What the exercise asks:
Nothing but the lines from the one with "Vista 139 de" through the end of the records may appear in the answer, each reproduced exactly, pictures omitted.

Source data:
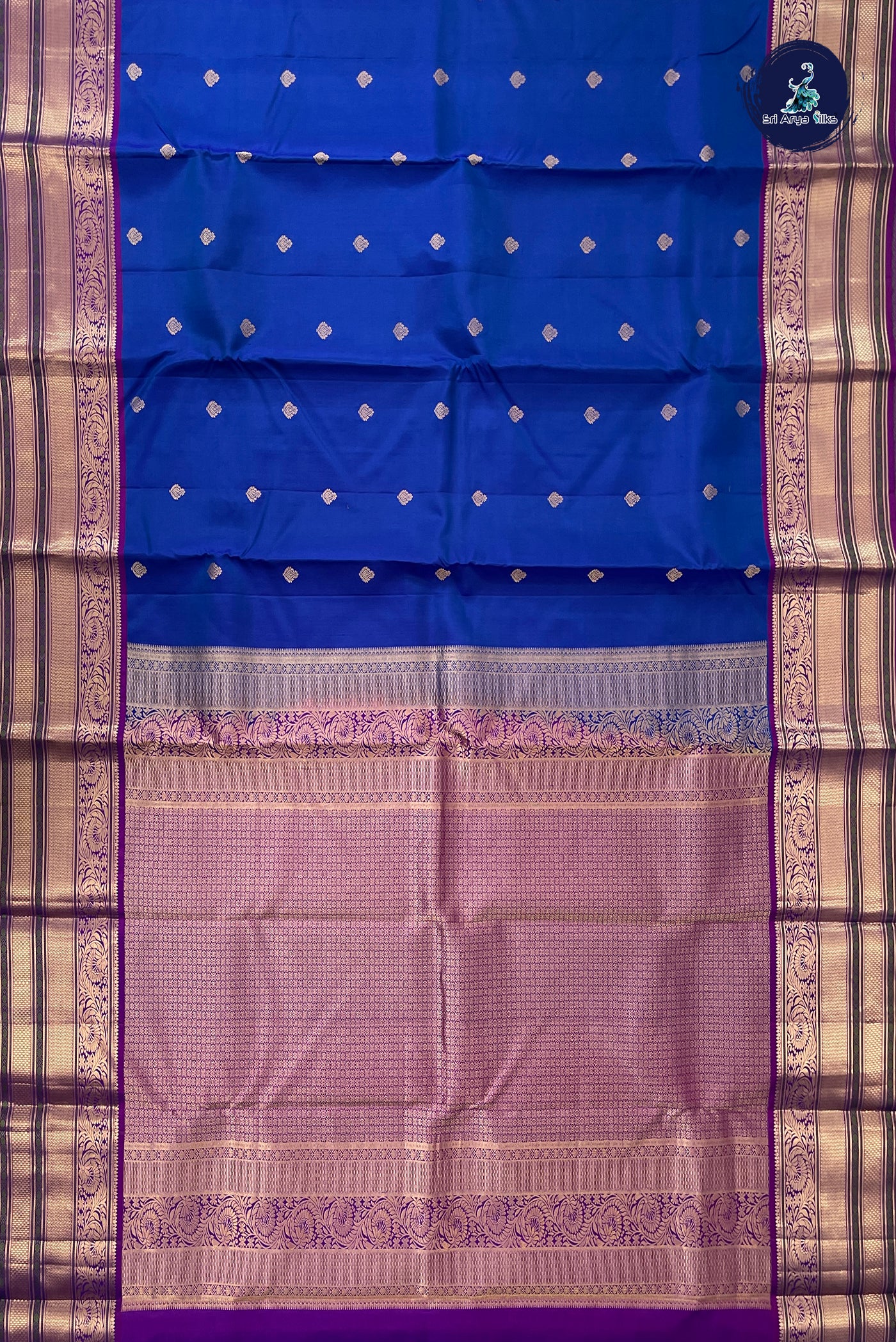 Royal Blue Traditional Silk Saree With Zari Buttas Pattern
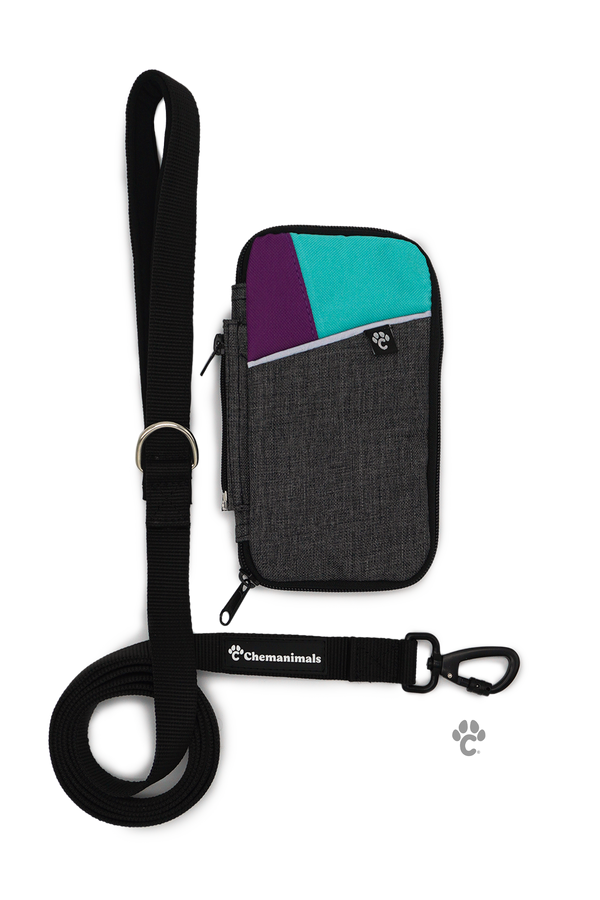 Correa Trail con bolsa morada para perro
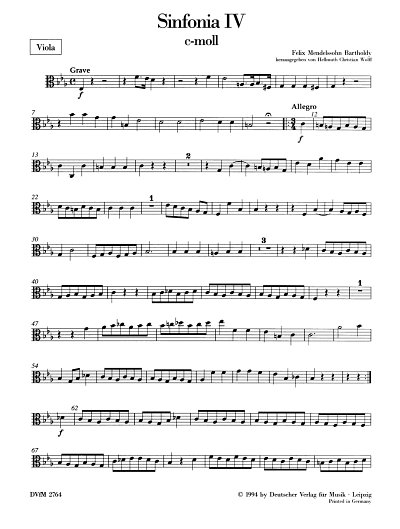 F. Mendelssohn Barth: Sinfonia IV c-moll, Stro (Vla)
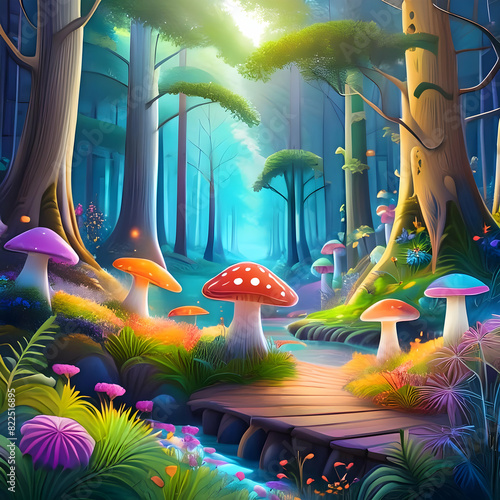  a whimsical, child-friendly scene of a magical forest inhabited by cute, colorful creatures and fairytale elements like mushrooms, fairies, and glowing plants."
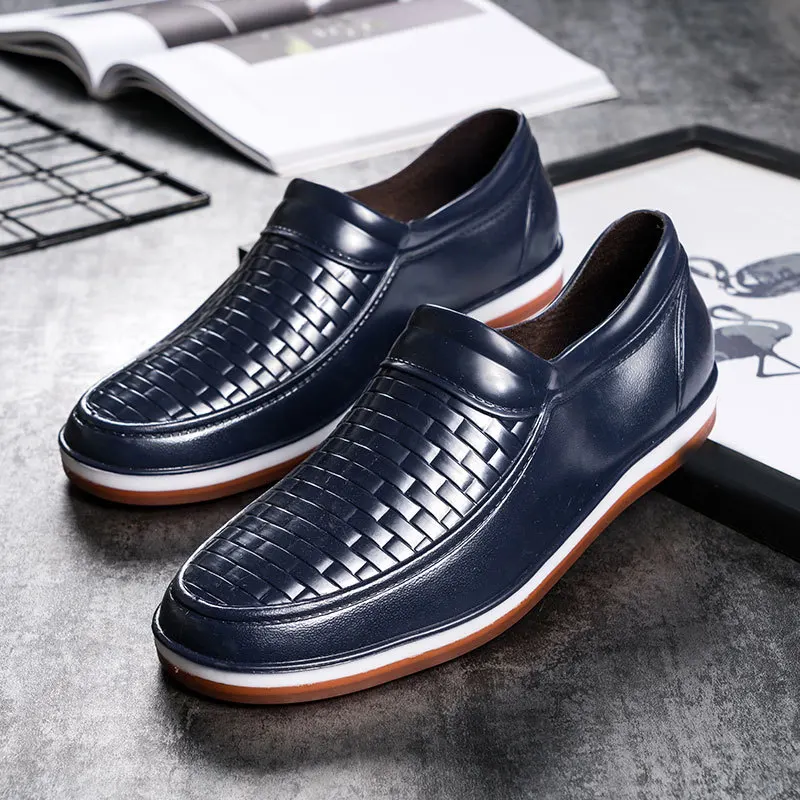 

Female low rain shield construction site help galoshes short tube waterproof breathable street boots of beef tendon bottom wa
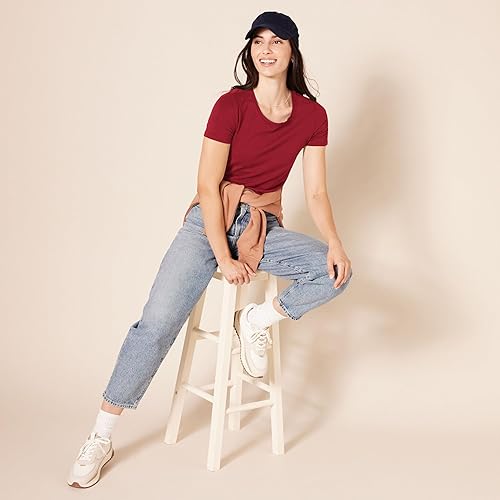 Vista 139 de Yaxa Essentials Women's Regular-Fit Short-Sleeve Crewneck T-Shirt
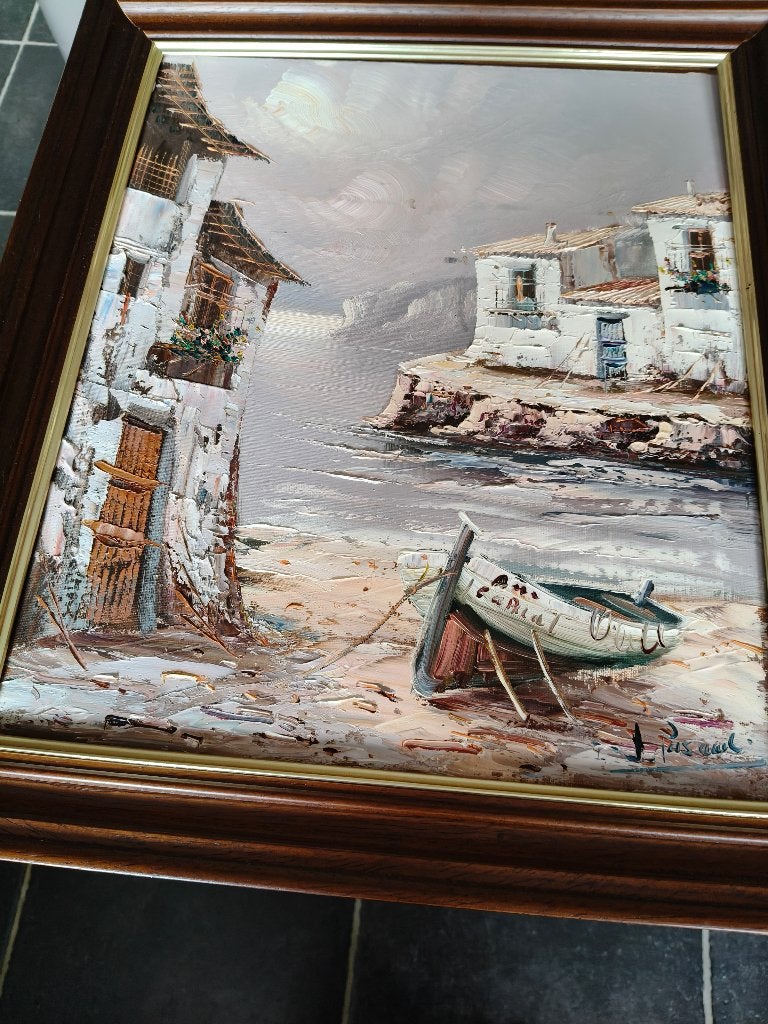 Peinture à l'huile sur toile, Antiquités & Art, Enlèvement, Réaliste, Toile, Maritime / eau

Answer section:
 Vista 139 de Yaxa Essentials Women's Regular-Fit Short-Sleeve Crewneck T-Shirt
 Peinture à l'huile sur toile, Antiquités & Art, Enlèvement, Réaliste, Toile, Maritime / eau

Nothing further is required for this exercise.